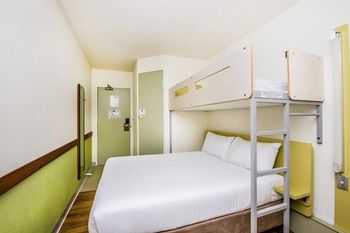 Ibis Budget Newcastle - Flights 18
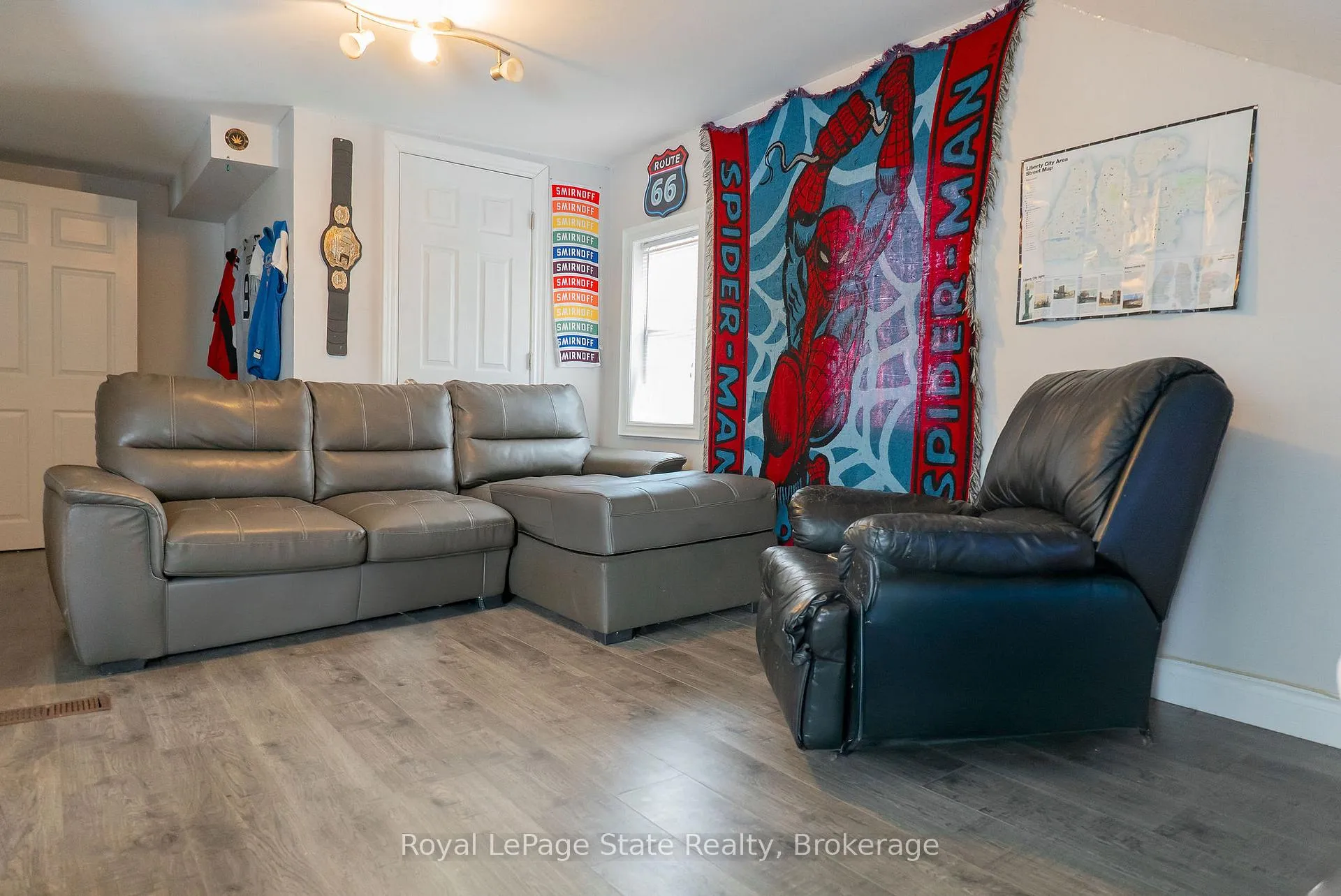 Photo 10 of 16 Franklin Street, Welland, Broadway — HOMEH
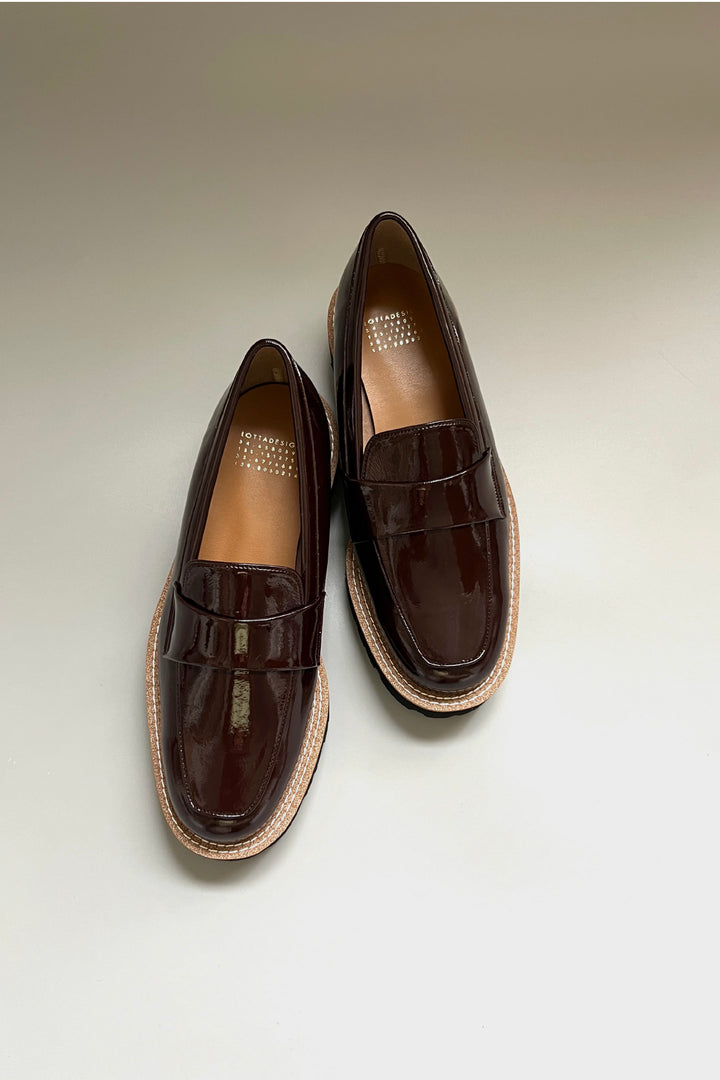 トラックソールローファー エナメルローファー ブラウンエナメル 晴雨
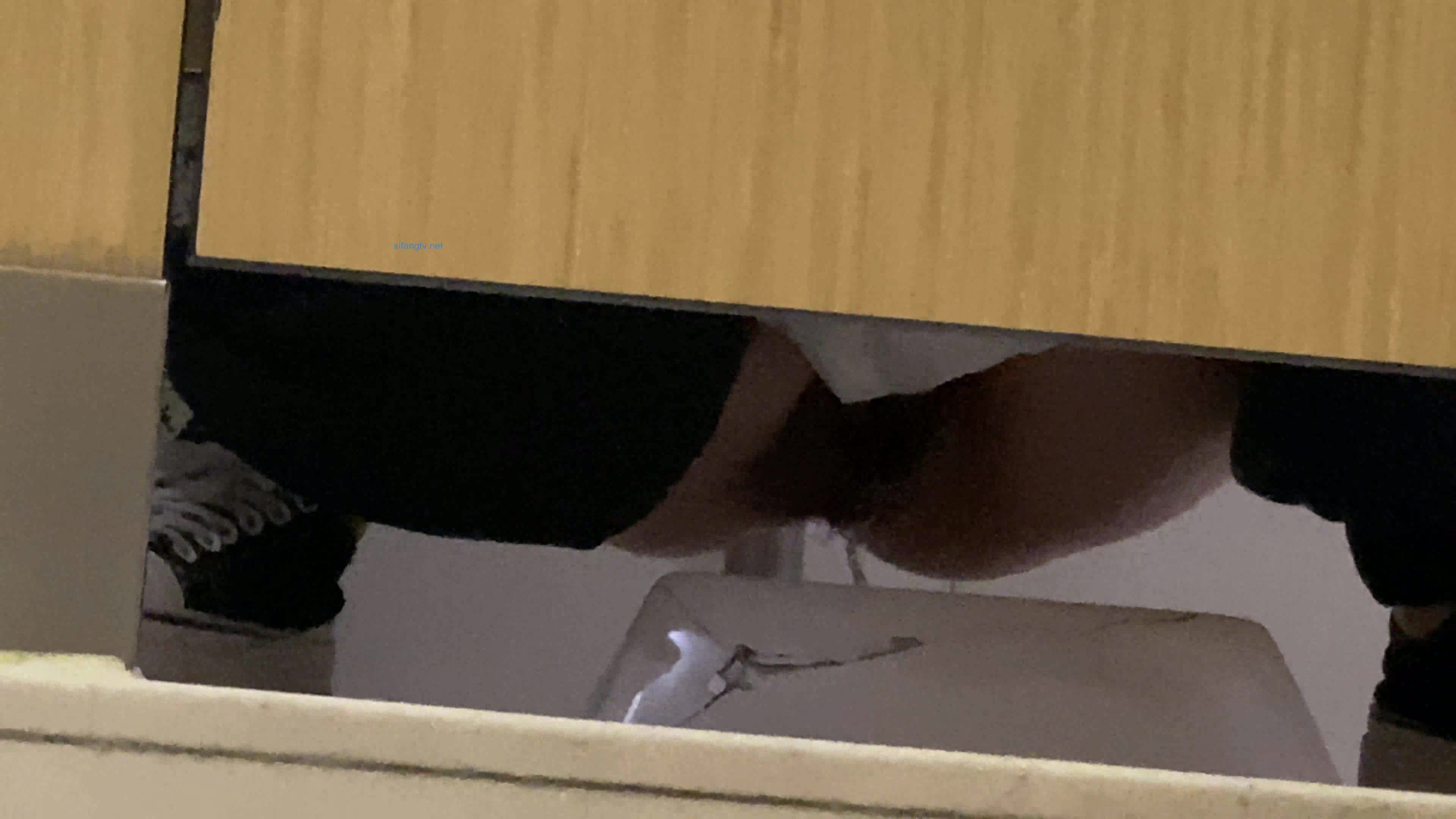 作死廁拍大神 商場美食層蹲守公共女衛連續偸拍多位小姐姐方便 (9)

##########

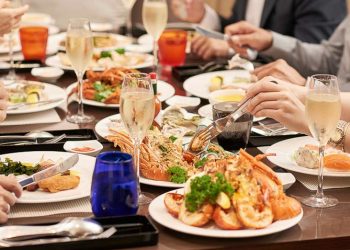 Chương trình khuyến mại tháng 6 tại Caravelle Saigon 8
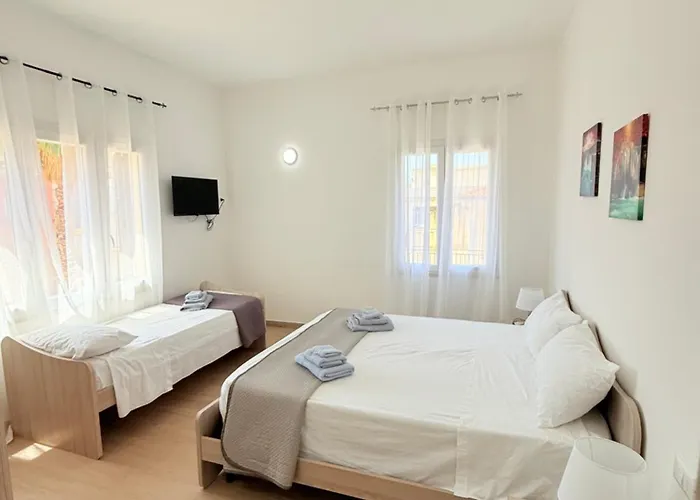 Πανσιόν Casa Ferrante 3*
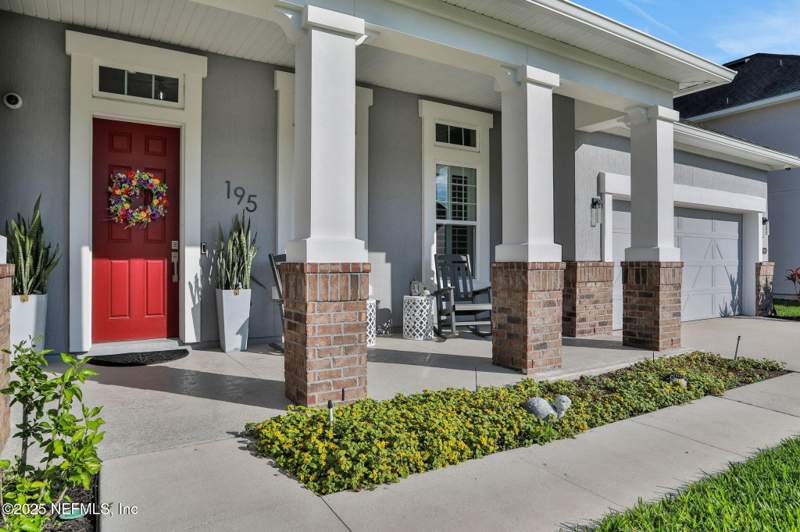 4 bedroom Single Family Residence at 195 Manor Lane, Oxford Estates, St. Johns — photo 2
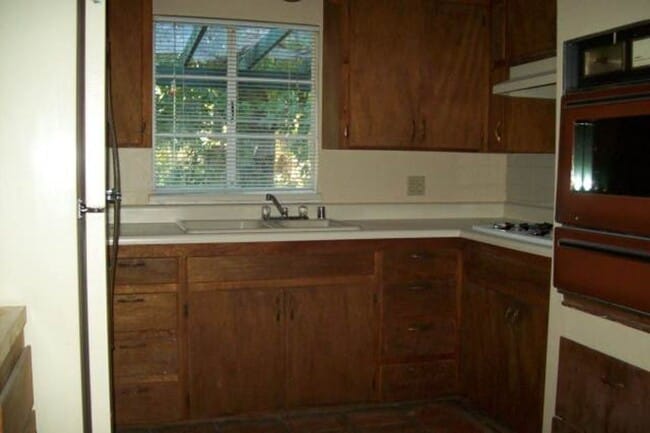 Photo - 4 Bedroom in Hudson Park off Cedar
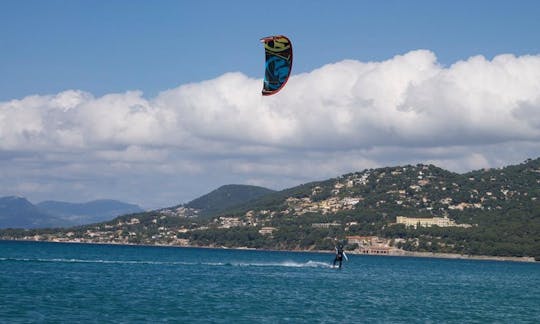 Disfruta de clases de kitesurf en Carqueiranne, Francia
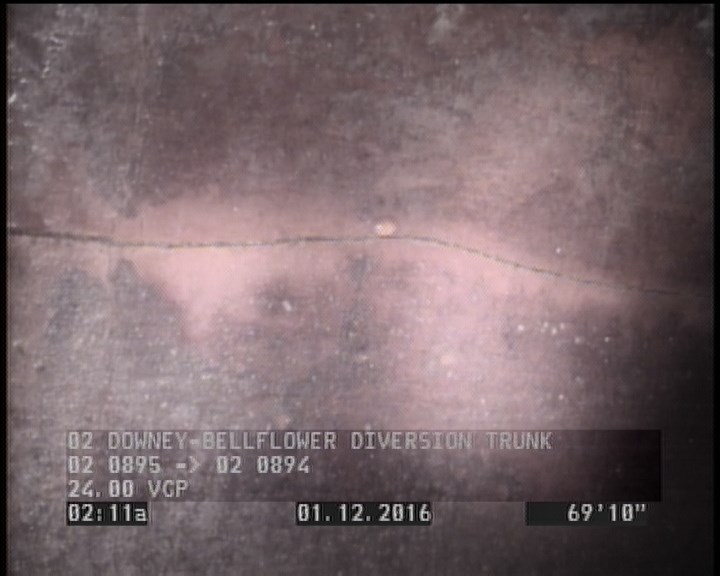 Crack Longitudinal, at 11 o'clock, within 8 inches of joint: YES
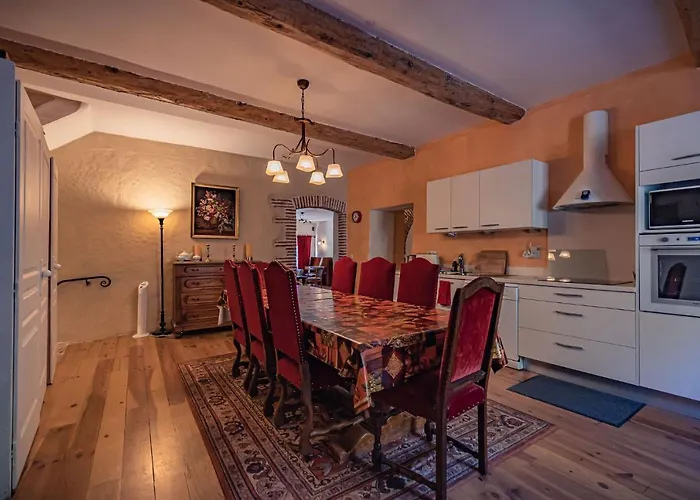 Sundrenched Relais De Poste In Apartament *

##########

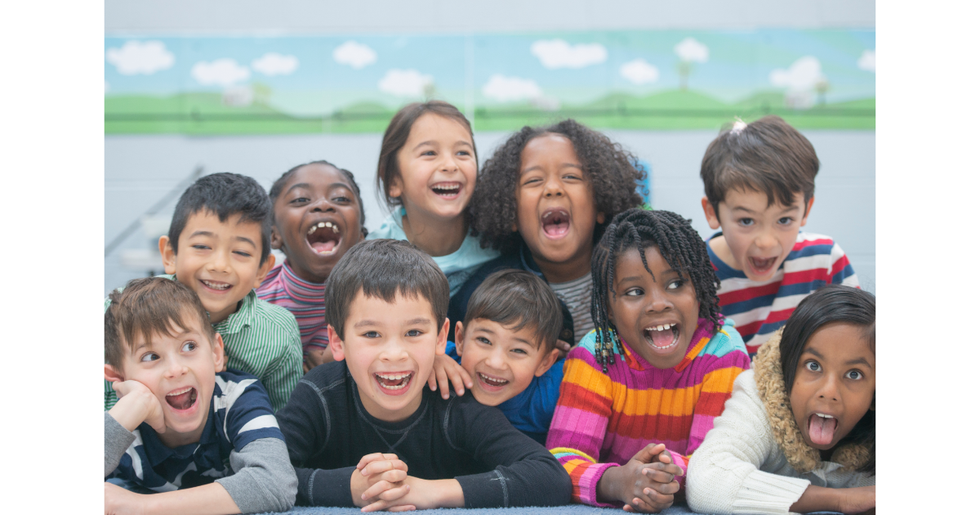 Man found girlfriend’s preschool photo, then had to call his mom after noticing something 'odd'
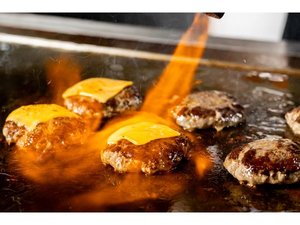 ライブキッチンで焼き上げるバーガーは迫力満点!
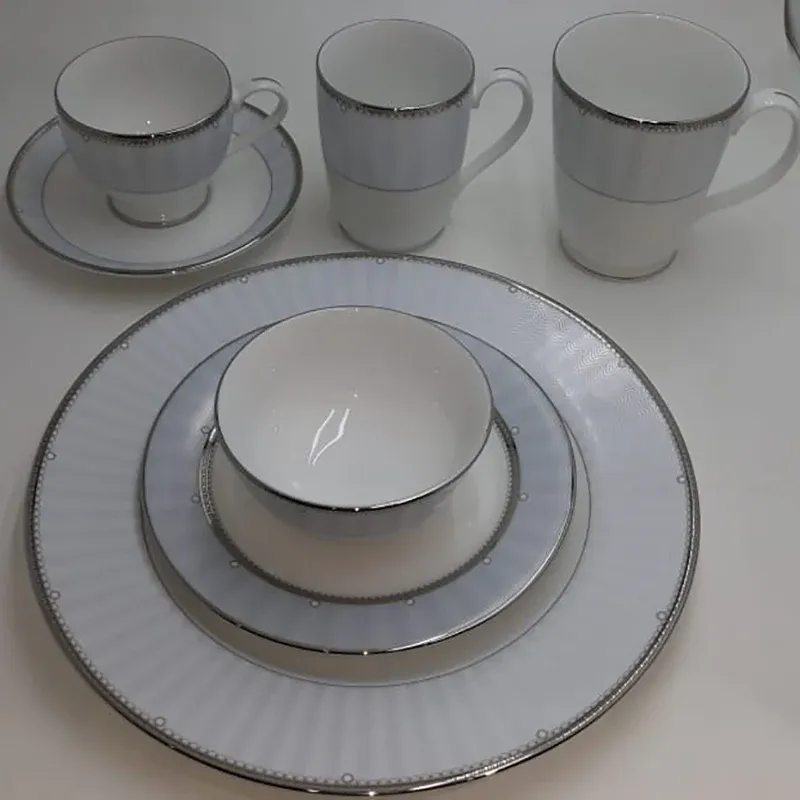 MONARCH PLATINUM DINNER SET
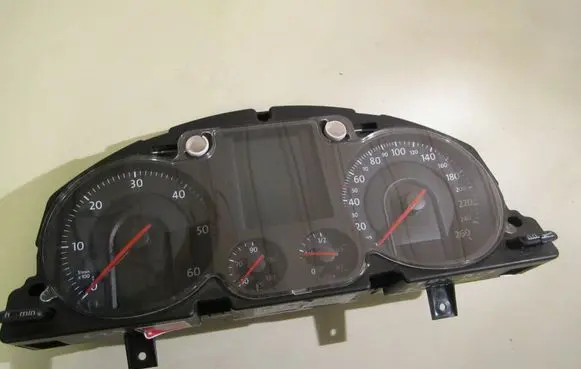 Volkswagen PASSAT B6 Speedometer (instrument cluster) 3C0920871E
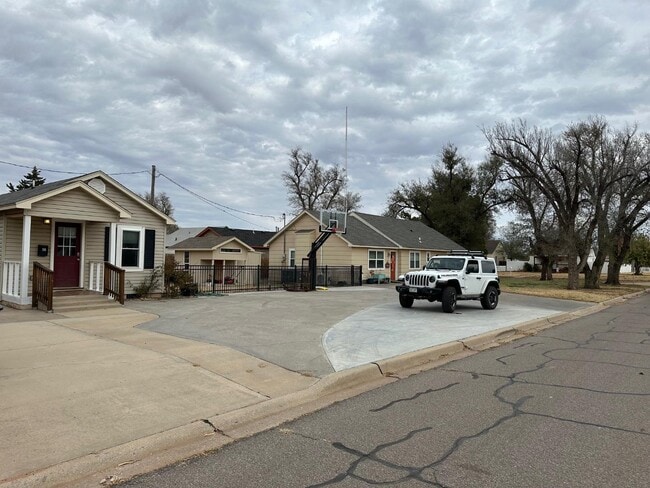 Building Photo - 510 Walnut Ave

##########

▶ [What to do]: Copy out exactly the lines above beginning with the line that contains "Photo - 4 Bedroom in Hudson Park off Cedar" and finishing with the line that contains "Sundrenched Relais De Poste In Apartament *", including both; leave the pictures out.

▶ [Exercise answer]:
 Photo - 4 Bedroom in Hudson Park off Cedar
 Disfruta de clases de kitesurf en Carqueiranne, Francia
 Crack Longitudinal, at 11 o'clock, within 8 inches of joint: YES
 Sundrenched Relais De Poste In Apartament *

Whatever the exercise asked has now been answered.